The incremental updates required to prepare a model for bias measurement and explaining
- Preprocessing, Training, Model Deploy
Measuring the pre-training bias of a dataset and post-training bias of a model
Explaining the importance of the various new input features on the model’s decision
In particular, this will showcase:
- Clarify’s support for JSON input datasets, and a model with JSON inputs and outputs

In doing so, the notebook will first train a Linear Learner model using a training dataset, then use SageMaker Clarify to analyze a test dataset with JSON as the model input/output.

Prerequisites and Data

If you are using SageMaker Notebook Instances, please use the conda_python3 kernel.

Initialize SageMaker

[ ]:

# Upgrade dependencies
!pip install sagemaker botocore boto3 awscli --upgrade

[ ]:

import sagemaker
import pandas as pd

# SageMaker session bucket is used to upload the dataset, model and model training logs
sess = sagemaker.Session()
region = sess.boto_region_name
bucket = sess.default_bucket()
print(f"Bucket: {bucket}")

# Define the IAM role
role = sagemaker.get_execution_role()
print(f"Execution Role: {role}")

Download Data

We use the popular Adult Census Dataset from the UCI Machine Learning Repository$^{[1]}$. The data is already split between a training dataset (adult.train) and test dataset (adult.test) in the Data Folder.

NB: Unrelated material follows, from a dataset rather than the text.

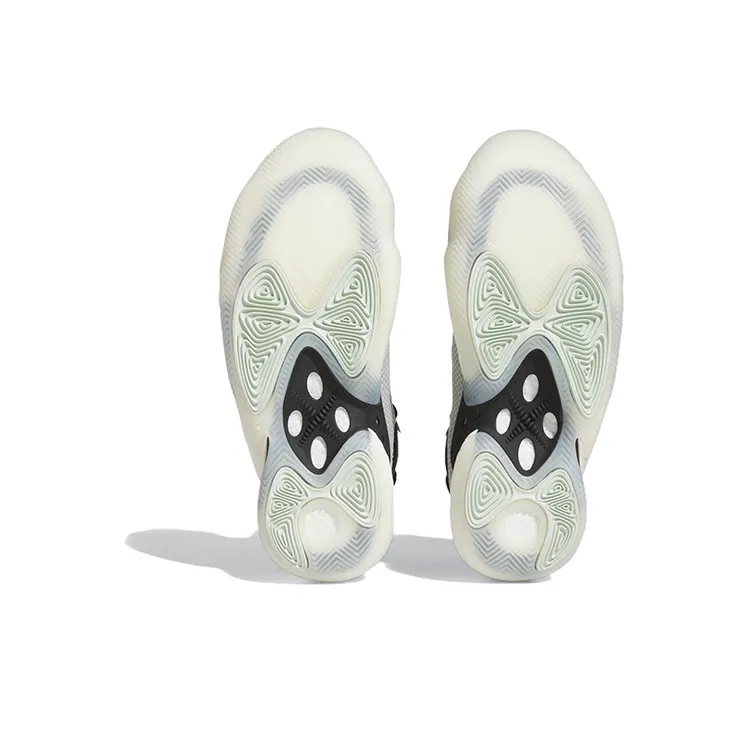 Adidas Byw Select Basketball Shoes 'Black Silver White'-5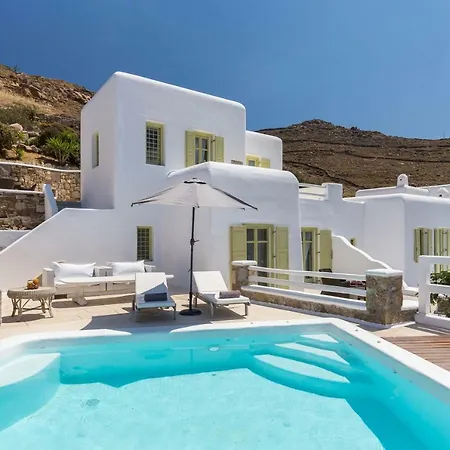 Lyra Villas Mykonos Fanari (Mykonos)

The dataset files are available in a public s3 bucket which we download below and are in a CSV format.

$^{[1]}$Dua, D. and Graff, C. (2019). UCI Machine Learning Repository. Irvine, CA: University of California, School of Information and Computer Science.

[ ]:

import os
import boto3

s3_client = boto3.client("s3")

# Training dataset
if not os.path.isfile("adult.data"):
    s3_client.download_file(
        f"sagemaker-example-files-prod-{region}",
        "datasets/tabular/uci_adult/adult.data",
        "adult.data",
    )
    print("adult.data saved!")
else:
    print("adult.data already on disk.")

# Test dataset
if not os.path.isfile("adult.test"):
    s3_client.download_file(
        f"sagemaker-example-files-prod-{region}",
        "datasets/tabular/uci_adult/adult.test",
        "adult.test",
    )
    print("adult.test saved!")
else:
    print("adult.test already on disk.")

Loading the data

From the UCI repository of machine learning datasets, this database contains 14 features concerning demographic characteristics of 45,222 rows (32,561 for training and 12,661 for testing). The task is to predict whether a person has a yearly income that is more or less than $50,000.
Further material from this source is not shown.